He glanced at her from across the table. Now, nearly thirty to his thirty-six, there was not a moment of their habitual domestic life that failed to suit him. They had not been blessed with children, a circumstance that had once filled them with melancholy. Sometimes he still found her alone in the sitting room, paused over a book, looking sadly out past the lilac bushes, but as the years passed, each of them seemed to have eased their own personal wound of regret.
“I see you have already read the paper,” he said. The newspaper showed evidence that his wife and the maids had been picking through it in the kitchen for news of the murder.
“The cook fears that the murderer has satisfied his revenge for dentists, and lawyers are next,” said Elisabeth.
“Well, if an assassin is lurking in our alley, she will take good care of him. She wields a fierce knife. I have seen her butterfly a lamb,” he replied, scanning the many pages of bold headlines.
“Do you remember you visited him once?” asked Elisabeth. “You had an abscess, and he removed it,”
“Dr.

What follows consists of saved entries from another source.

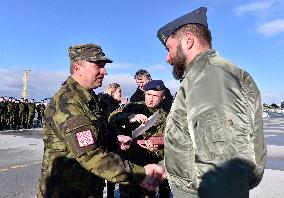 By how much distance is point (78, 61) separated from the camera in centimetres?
305

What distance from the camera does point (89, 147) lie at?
260 centimetres

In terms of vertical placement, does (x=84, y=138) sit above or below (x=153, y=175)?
above

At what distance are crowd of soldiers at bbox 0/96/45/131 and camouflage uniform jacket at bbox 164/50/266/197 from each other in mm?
19620

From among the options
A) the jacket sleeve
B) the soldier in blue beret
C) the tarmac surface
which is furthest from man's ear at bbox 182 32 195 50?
the tarmac surface

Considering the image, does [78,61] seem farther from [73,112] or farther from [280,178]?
[280,178]

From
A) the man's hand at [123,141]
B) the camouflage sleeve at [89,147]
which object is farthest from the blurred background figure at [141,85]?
the camouflage sleeve at [89,147]

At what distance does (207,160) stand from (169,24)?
0.86 metres

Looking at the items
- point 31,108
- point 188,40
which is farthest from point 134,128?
point 31,108

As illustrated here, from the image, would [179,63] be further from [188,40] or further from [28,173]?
[28,173]

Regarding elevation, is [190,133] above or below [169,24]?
below

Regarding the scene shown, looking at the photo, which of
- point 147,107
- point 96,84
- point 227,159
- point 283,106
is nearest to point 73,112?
point 96,84

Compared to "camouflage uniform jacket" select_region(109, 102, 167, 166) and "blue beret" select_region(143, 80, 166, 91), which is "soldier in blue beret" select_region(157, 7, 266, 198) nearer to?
"camouflage uniform jacket" select_region(109, 102, 167, 166)

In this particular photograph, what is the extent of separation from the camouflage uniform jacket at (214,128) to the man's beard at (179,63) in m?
0.13

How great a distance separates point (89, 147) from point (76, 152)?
0.10 metres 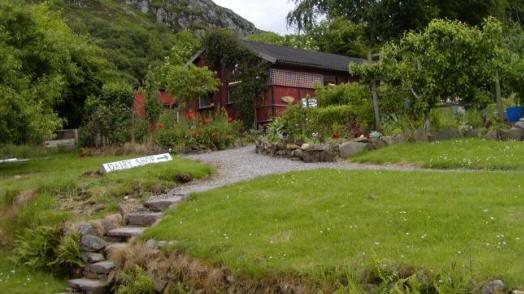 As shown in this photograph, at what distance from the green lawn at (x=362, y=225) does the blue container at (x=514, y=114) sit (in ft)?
17.3

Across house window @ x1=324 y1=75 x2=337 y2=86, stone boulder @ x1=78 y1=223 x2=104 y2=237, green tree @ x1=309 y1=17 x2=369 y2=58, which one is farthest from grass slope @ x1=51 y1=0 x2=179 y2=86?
stone boulder @ x1=78 y1=223 x2=104 y2=237

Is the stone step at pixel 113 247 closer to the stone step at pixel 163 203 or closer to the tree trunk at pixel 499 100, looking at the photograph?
the stone step at pixel 163 203

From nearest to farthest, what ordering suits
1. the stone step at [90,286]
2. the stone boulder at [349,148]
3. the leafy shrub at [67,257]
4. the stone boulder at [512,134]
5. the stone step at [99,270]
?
the stone step at [90,286] < the stone step at [99,270] < the leafy shrub at [67,257] < the stone boulder at [512,134] < the stone boulder at [349,148]

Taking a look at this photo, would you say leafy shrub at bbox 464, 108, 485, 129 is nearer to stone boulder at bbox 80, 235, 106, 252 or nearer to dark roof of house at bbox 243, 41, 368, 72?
stone boulder at bbox 80, 235, 106, 252

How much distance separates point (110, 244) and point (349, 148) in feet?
24.2

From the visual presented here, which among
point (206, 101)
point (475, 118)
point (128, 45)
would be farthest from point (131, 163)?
point (128, 45)

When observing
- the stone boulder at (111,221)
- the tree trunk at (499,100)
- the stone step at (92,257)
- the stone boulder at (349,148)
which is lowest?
the stone step at (92,257)

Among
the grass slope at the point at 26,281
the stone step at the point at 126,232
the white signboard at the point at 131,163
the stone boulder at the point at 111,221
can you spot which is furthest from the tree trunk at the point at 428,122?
the grass slope at the point at 26,281

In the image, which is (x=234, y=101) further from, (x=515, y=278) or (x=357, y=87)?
(x=515, y=278)

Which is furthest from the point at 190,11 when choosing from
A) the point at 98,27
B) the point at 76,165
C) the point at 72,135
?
the point at 76,165

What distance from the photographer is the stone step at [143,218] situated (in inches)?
316

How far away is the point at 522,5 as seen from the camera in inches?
1357

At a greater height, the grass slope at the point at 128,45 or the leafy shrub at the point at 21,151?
the grass slope at the point at 128,45

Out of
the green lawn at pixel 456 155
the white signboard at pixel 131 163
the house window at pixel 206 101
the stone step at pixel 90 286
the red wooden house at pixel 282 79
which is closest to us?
the stone step at pixel 90 286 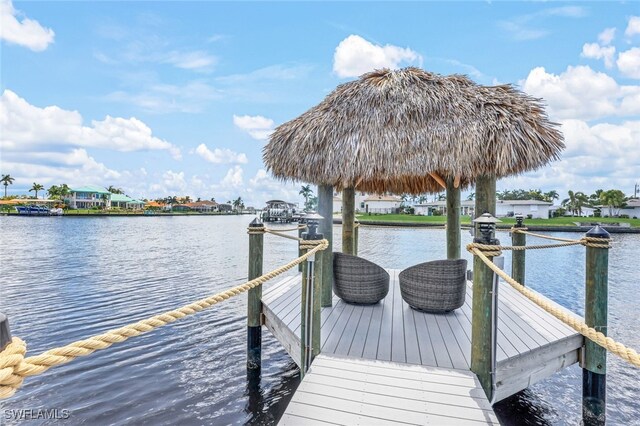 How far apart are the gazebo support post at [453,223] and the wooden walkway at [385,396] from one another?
160 inches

Burdell?” said Clinton. “He persecuted me mercilessly, with clamps around my head and steel calipers in my jaw. It appears he had his throat sliced from ear to ear—a just retribution for a dental surgeon, I’d say.”
“Henry, please,” said Elisabeth. Inured to the cruelties of life, Elisabeth could be happy if only everyone would eat a full breakfast every day.
A maid entered and passed biscuits with dried apples and nut breads thick with walnuts, crocks of butter, honey, and peach preserves and a stack of corn cakes drowned in syrup. She carried a pot of tea back and forth from the sideboard.
‘“Intense excitement in Bond Street!’” Clinton read from the paper, piercing a breakfast sausage with his fork and waving it for emphasis. “My dear, I know you had hoped we’d escaped the intense excitement of my profession by moving uptown, but here we have it, practically at our doorstep.”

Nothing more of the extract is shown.